Using IEqualityComparer GetHashCode with a tolerance

787 views Asked by At

I am trying to implement an IEqualityComparer that has a tolerance on a date comparison. I have also looked into this question. The problem is that I can't use a workaround because I am using the IEqualityComparer in a LINQ .GroupJoin(). I have tried a few implementations that allow for tolerance. I can get the Equals() to work because I have both objects but I can't figure out how to implement GetHashCode().

My best attempt looks something like this:

public class ThingWithDateComparer : IEqualityComparer<IThingWithDate>
{
    private readonly int _daysToAdd;

    public ThingWithDateComparer(int daysToAdd)
    {
        _daysToAdd = daysToAdd;
    }

    public int GetHashCode(IThingWithDate obj)
    {
        unchecked
        {
            var hash = 17;
            hash = hash * 23 + obj.BirthDate.AddDays(_daysToAdd).GetHashCode();
            return hash;
        }
    }

    public bool Equals(IThingWithDate x, IThingWithDate y)
    {
        throw new NotImplementedException();
    }
}

public interface IThingWithDate
{
    DateTime BirthDate { get; set; }
}

With .GroupJoin() building a HashTable out of the GetHashCode() it applies the days to add to both/all objects.
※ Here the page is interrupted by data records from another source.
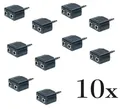 Produktbild: 10x KlinkenAdapter Stecker 3,5 mm / 2 Klinkenkupplungen für Handy / Tablet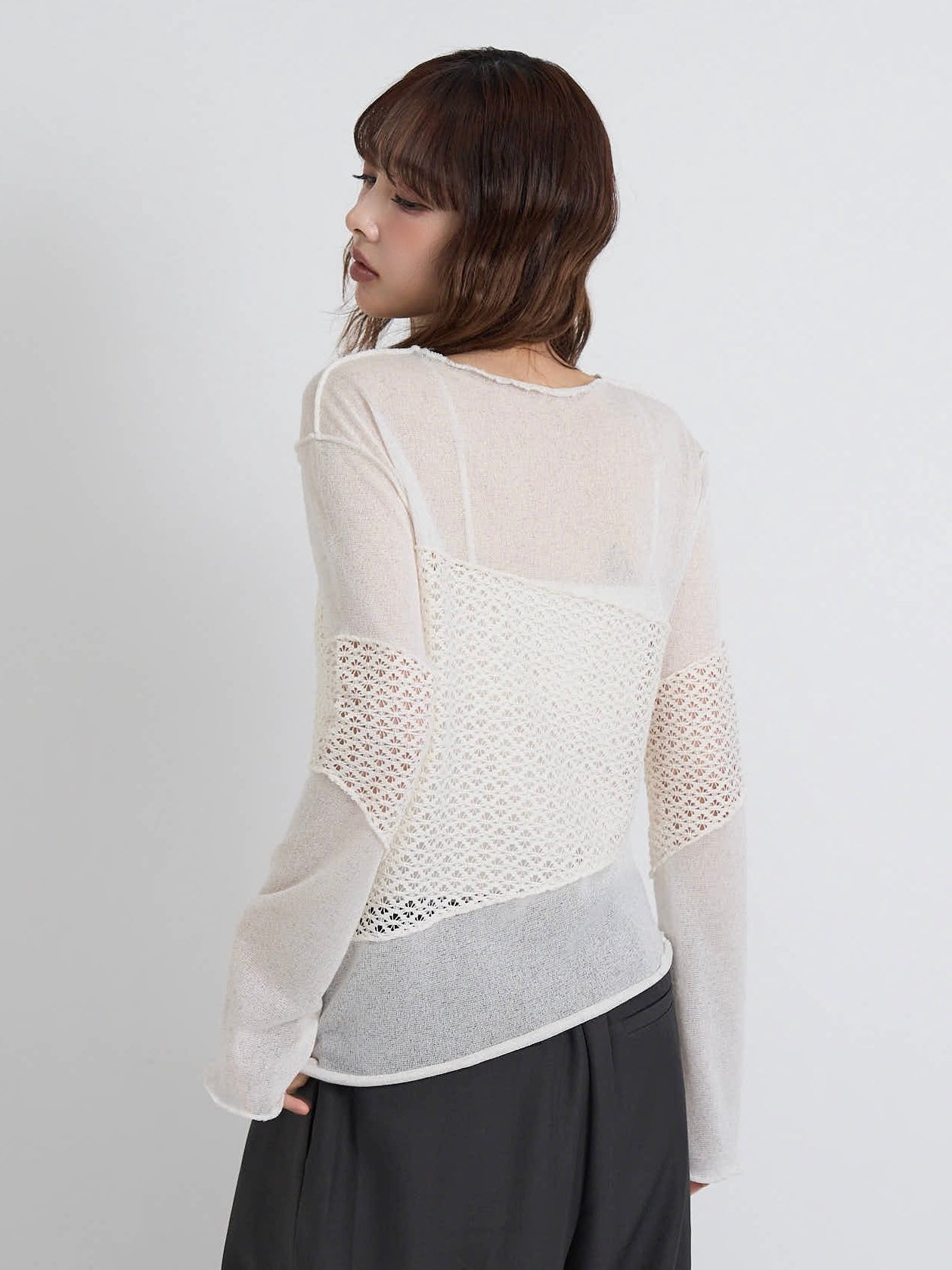 airy open summer knit tops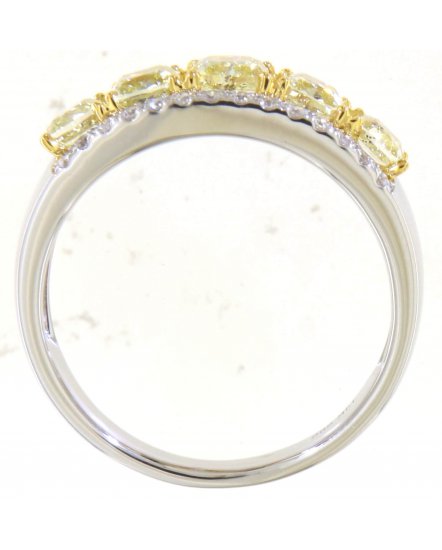 MULTI TONE CUSHION DIAMOND BAND (TR5748)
This doesn't work.

2

There are 2 answers

1
Servy On BEST ANSWER

The problem is impossible, conceptually. You're trying to compare objects in a way that doesn't have a form of equality that is necessary for the operations you're trying to perform with it. For example, GroupJoin is dependant on the assumption that if A is equal to B, and B is equal to C, then A is equal to C, but in your situation, that's not true. A and B may be "close enough" together for you to want to group them, but A and C may not be.

You're going to need to not implement IEqualityComparer at all, because you cannot fulfill the contract that it requires. If you want to create a mapping of items in one collection to all of the items in another collection that are "close enough" to it then you're going to need to write that algorithm yourself (doing so efficiently is likely to be hard, but doing so inefficiently isn't shouldn't' be that difficult), rather than using GroupJoin, because it's not capable of performing that operation.

1
Bradley Uffner On

I can't see any way to generate a logical hash code for your given criteria.
The hash code is used to determine if 2 dates should stick together. If they should group together, than they must return the same hash code.

If your "float" is 5 days, that means that 1/1/2000 must generate the same hash code as 1/4/2000, and 1/4/2000 must generate the same hashcode as 1/8/2000 (since they are both within 5 days of each other). That implies that 1/1/2000 has the same code as 1/8/2000 (since if a=b and b=c, a=c).

1/1/2000 and 1/8/2000 are outside the 5 day "float".